HIGH COURT OF JUDICATURE FOR RAJASTHAN AT
JODHPUR
S.B. Criminal Revision No. 60 / 2018
Aehsan Mohd. @ Amir Khan S/o Sh. Ramjan Ali @ Babu Gujar,
Resident of Gujaron Ka Mohalla, Inside Bidasar Bari, Bikaner (Raj.)

—-Petitioner
Versus

1. State of Rajasthan through Public Prosecutor.

2. Jethi Devi w/o Heeralal, by caste Kumhar, r/o Udairamsar,
Gujaron ka Mohalla, Bikaner.

—-Respondents
__
For Petitioner(s) : Mr. Vineet Jain
For Respondent(s) : Mr. L.R. Upadhyay, Public Prosecutor.
For Complainant(s): Mr. Virendra Acharya.

__
HON’BLE MR. JUSTICE P.K. LOHRA
Order
04/04/2018

Accused-petitioner has preferred this revision petition under

Section 397 read with Section 401 Cr.P.C. to challenge order dated

21st of November 2017, passed by Addl. Sessions Judge (Women

Atrocities Cases), Bikaner (for short, ‘learned trial Court’), framing

charges against him for offences punishable under Sections 457,

376/511, 354 and 354-A IPC.

Briefly stated, the facts of the case are that second

respondent complainant submitted a written report before SHO,

Police Station Gangashahar, Bikaner on 28th of May 2016 that on

last Friday during night, when she was sleeping at home with her

four children, one incumbent made lurking house trespass and
tried to molest her besides out-raising her modesty. In the

report, complainant has not named the accused but made specific

allegation that he is son of Babu Gurjar. Attributing criminal

antecedents to both Babu Gurjar and his son, the complainant has

specifically mentioned in the report that her husband is a driver

and usually remain out of Bikaner in discharge of his duties. The

complainant has also expressed apprehension that there is

imminent threat to her from Babu Gurjar and his son, both of

whom are known to her but for name of the accused/petitioner.
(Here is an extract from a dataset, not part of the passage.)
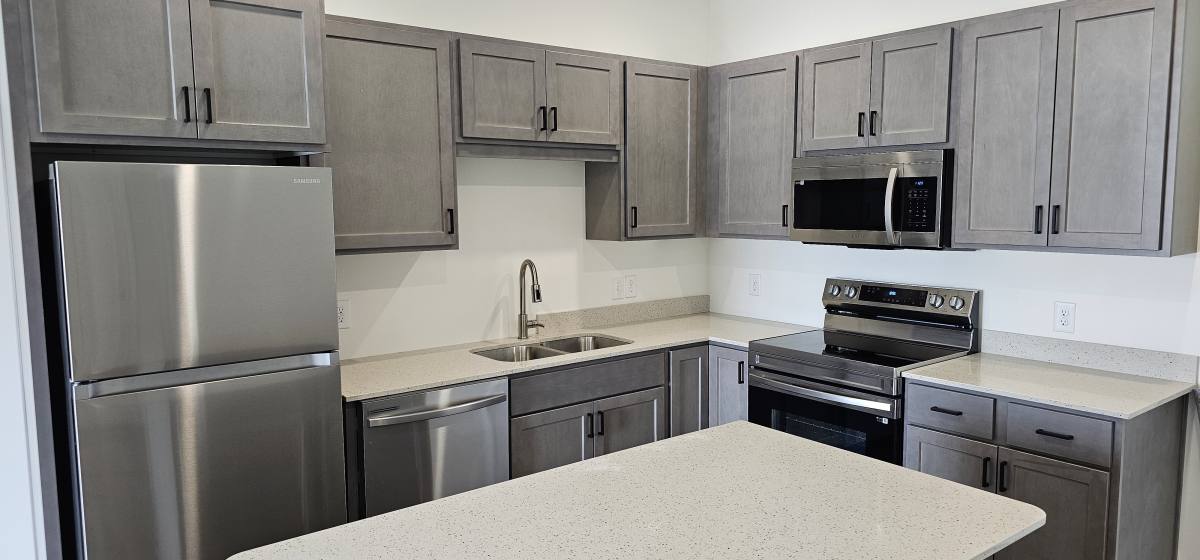 Apartment for rent at 105 Michael Court NW, Hutchinson, MN 55350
On the basis of report, on the same day FIR, is registered for

offence under Sections 457, 376/511 and 354 IPC and

investigation commenced. After investigation, police submitted

charge-sheet in the matter. During investigation, statements of

complainant prosecutrix were recorded under Section 161 Cr.P.C.

and further her statements under Section 164 Cr.P.C. were also

recorded by the Magistrate. Apart from the statements of

prosecutrix, statements of her husband Heeralal, her daughter

Kumari Chanda were also recorded and police also prepared site-

plan. The learned trial Court, then, proceeded to take cognizance

against the petitioner for aforesaid offences. Later on, arguments

were heard for the purpose of framing charge and by the

impugned order charges are framed against the petitioner for

offence under Section 457, 376/511, 354 354A IPC.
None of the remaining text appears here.